Estou falando de uma coisa que os homens não experimentam assim. O gozo masculino é mais pontual e parece se exaurir pouco depois do próprio ato. Só os escolhidos, os de alma feminina, vez por outra, o sentem prolongar-se dentro de si. Mas em geral, é diferente.

Terminado o ato, uns até rolam para o lado e dormem como se tivessem tirado um fardo do ombro, outros acendem o cigarro, vestem suas ansiedades e voltam ao trabalho.

É constatável, no entanto, que o homem apaixonado também transmite força, alegria, energia. Ele oscila entre Alexandre o Grande e o artista que chegou ao sucesso!

Também brilha. Mas é diferente. E não é disto que estou falando, senão do gozo feminino que não se esgota no gozo e se derrama em gestos e atenções por horas e dias a fio.

Freud andou várias vezes errando sobre as mulheres e, por exemplo, colocou equivocadamente aquela questão de que a mulher teria inveja do homem por ser este um animal fálico, etc.

Convenhamos: inveja têm (e deveriam ter) os homens quando prestam atenção no fenômeno que ocorre com as mulheres, que ao serem amadas atingem o luminoso êxtase de si mesmas, como se tivessem rompido uma escala de medição trivial para lá da barreira dos gemidos e amorosos alaridos.

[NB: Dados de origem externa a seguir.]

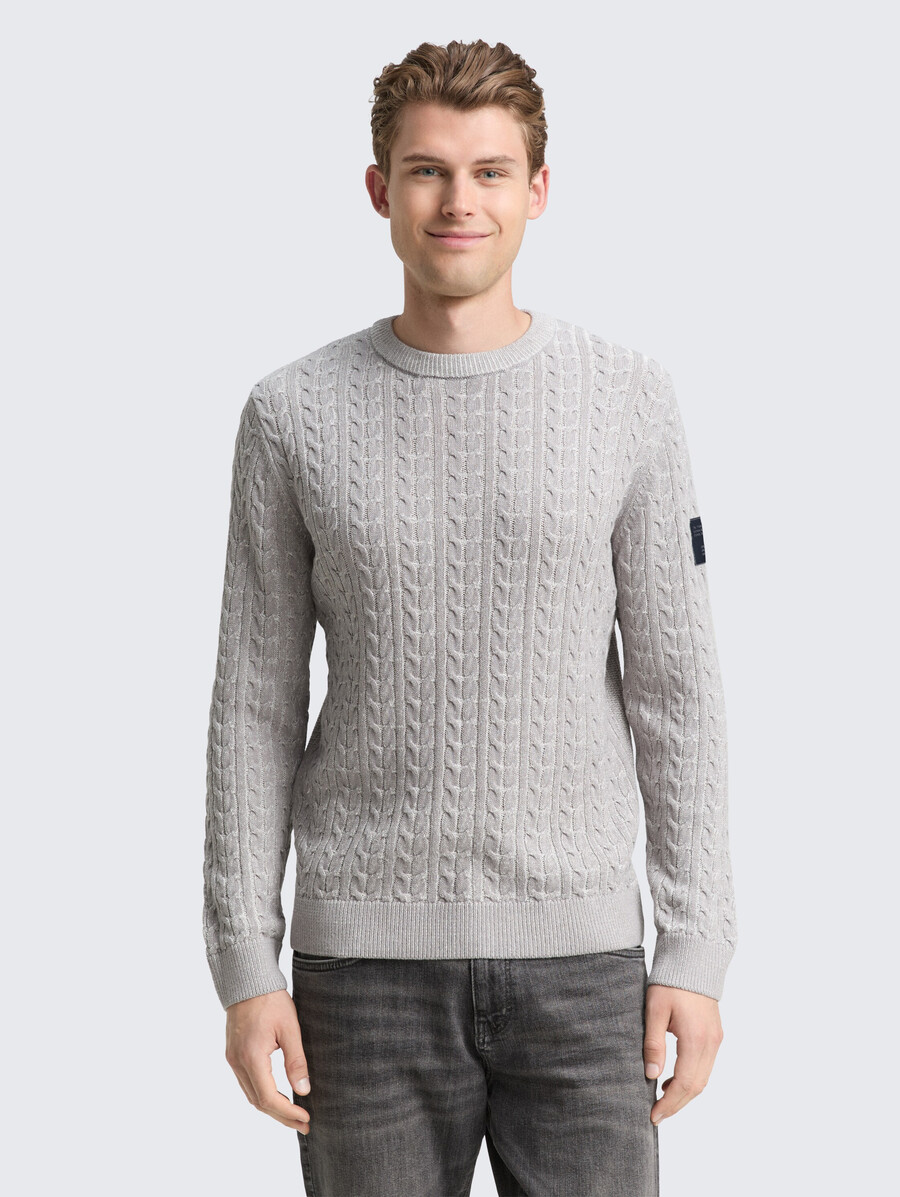 jersey de punto con patrón de cable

Quando a mulher foi amada e bem amada, ela ingressa nessa atmosfera sagrada, cuja descrição se aproxima daquilo que as santas estáticas descreveram.

Uma aura de mistérios as envolve. E isso, por não ser muito trivial, por não ser nada profano, talvez se assemelhe aos mistérios gozosos de que muitos místicos falaram.